Using RDBMS for Data Science?

Can one use an RDBMS for Data Science? There are some situations where it makes sense, if all of the following conditions hold:

  • Your data starts its life in an RDBMS anyway. If, on the other hand, your data is instead in flat files or coming from a data stream, you probably should build for the future by building a Hadoop/Spark system. Or just leave it in flat files and process it on a beefy workstation (see below). An RDBMS is going to need to index the data, and if the data is not already in there, it's a very long process because most RDBMS's don't utilize more than one processor core at a time to create an index, and thus the process can take days.
  • You have a beefy workstation to do the analysis.

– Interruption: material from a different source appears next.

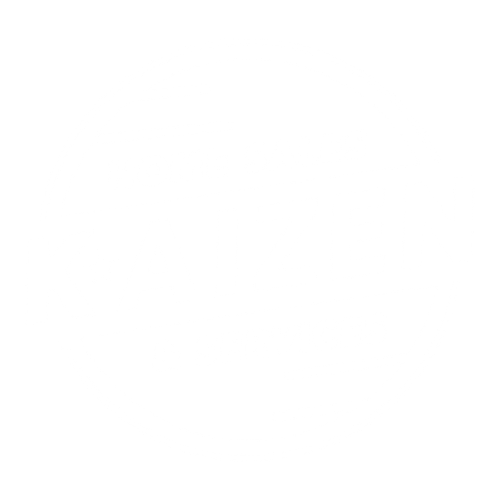 Kaizen Homes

A blog earlier this year compared Impala vs. PostgreSQL performance, and it showed Impala being more than 200x as fast as PostgreSQL at doing a COUNT DISTINCT. I dislike this comparison for two reasons:
    1. First, the data size was only 10GB. With consumer desktop computers commonly sporting 32GB, or even 64GB, it would be reasonable to outfit an analysis computer with 256GB.
    2. Second, in the particular example of COUNT DISTINCT, a hash-based cardinality algorithm would perform much faster
  • You plan doing the machine learning on said beefy workstation. While some RDBMS's have basic machine learning libraries available, such as data mining, most data scientists will expect to have the standard full complement of algorithms that are available from R or IPython Notebook.
  • You're not streaming data. An RDBMS can accept 2000 INSERTs/second. A Kafka queue (itself a distributed cluster), in contrast, can accept 2 million insertions per second, and these in turn can be consumed in a distributed fashion by either a Storm or Spark Streaming cluster. I estimate that the clickstream from a top-100 website would exceed the 2000 events/second limit of an RDBMS. But then we're not all running a top-100 website. Which is the point of this blog post -- there are some situations where an RDBMS is OK. But if your goal is to be a top-100 website, maybe you'd better plan ahead :-).
  • Your total data size is less than 144 TB. An RDBMS is for non-big data; i.e., without having to resort to sharding it needs to fit on a single machine. 24 6TB drives comes to 144TB.
  • The size of your data subsets can be efficiently processed by the cores and/or GPUs in your beefy workstation. While the total data size may be 144TB, you're typically going to be working with data subsets that are much smaller. Not only should those data subsets be able to fit in the, say 256GB, RAM of your beefy workstation, they should also be small enough that the number of CPU cores (perhaps 10 cores times two processors for a total of 20 cores) can efficiently perform machine learning on them. Or you have a GPGPU and have identified machine learning software that can make effective use of it.

Advantages of an RDBMS

  • SQL. SQL is wonderful. Just look at the Hadoop world. The holy grail has always been SQL-on-Hadoop.
  • Performant way to subset the data. One of the most common tasks in data science is selecting a subset of the data to work on. This is painfully slow in Hive. If you have an indexed RDMBS, it can be very quick to read out the subset of the data into a beefy R workstation.

The Non-RDBMS Alternative

Again, just to be clear, the typical non-RDBMS alternative is a Hadoop/Spark cluster. A Hadoop/Spark cluster is distributed and intrinsically has a high-degree of parallelism and use of RAM. The "beefy workstation" mentioned in at least three of the bullets above attempts to compensate for the lack of a Spark cluster with prodigious amounts of RAM, number of cores, and machine learning software packages.

But for non-big data, and especially if your data is already nicely indexed on an RDBMS, Hadoop and Spark could be complicating factors rather than solutions.